These are mainly used for things like setMiso... enable_pins.

The obvious simple fix would be to move ore replicate these into the SPI object.
 
I don't have much to add other than to say that I would love to see these features. I have a few libraries right now which support SPI communication to sensors; I use the define statements to switch between SPI buses. It works, but leads to many more lines of code and more time spent on maintenance. I'd be willing to help test any proposed solutions using my sensor libraries - I currently have at least one of each Teensy 3.x and LC device available for testing.

Brian
 
I am making some progress with making one class to handle all of the SPI objects. Actually two. One does T3.x and one for TLC.

So far things are compiling. I have been able to run my Teensyview updated code with this library and it appears to be still running on default SPI pins... For the most part this test is bypassing using transfer methods... Will now build a version of this library that does the same without SPIN library installed... And see how well it works on different SPI busses.

If anyone wishes to look at the WIP I pushed up a version of Wire up to my fork:
https:://www.github.com/kurte/Wire In a new branch SPI-Multi-one-class
 
I am making some progress with making one class to handle all of the SPI objects. Actually two. One does T3.x and one for TLC.

So far things are compiling. I have been able to run my Teensyview updated code with this library and it appears to be still running on default SPI pins... For the most part this test is bypassing using transfer methods... Will now build a version of this library that does the same without SPIN library installed... And see how well it works on different SPI busses.

If anyone wishes to look at the WIP I pushed up a version of Wire up to my fork:
https:://www.github.com/kurte/Wire In a new branch SPI-Multi-one-class

Hi Kurt,

I think you meant this repo, instead of wire: https://github.com/KurtE/SPI/tree/SPI-Multi-one-class

Also, I tested your SPIN library with a sensor library WIP that I'm working on (VectorNav VN-100 and VN-200). It works well and I'm not getting much of a performance hit; on the order of about 3-4 us.
 
I am making some progress with making one class to handle all of the SPI objects.

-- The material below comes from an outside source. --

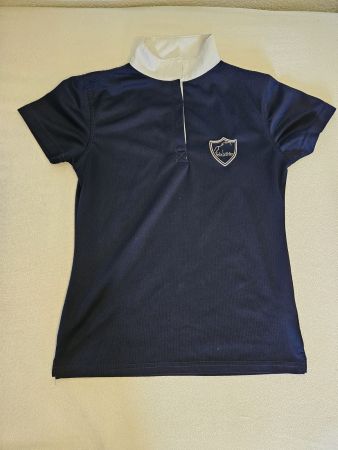 Felix Bühler Damen Turniershirt Gr. S Navy/Weiss Kurzarm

I know this is painful, but have you reached out to Arduino devs and other board makers via Arduino's developer mail list? Yes, I know that usually just ends up with a ton of bikeshedding, but it really is important for this to get adopted upstream.
 
Thanks Paul,

I think trying to break this up into multiple semi independent things. Some I know would need to probably reach out to the mail list. Thought about it yesterday until I saw email saying it will be down for 24 hours...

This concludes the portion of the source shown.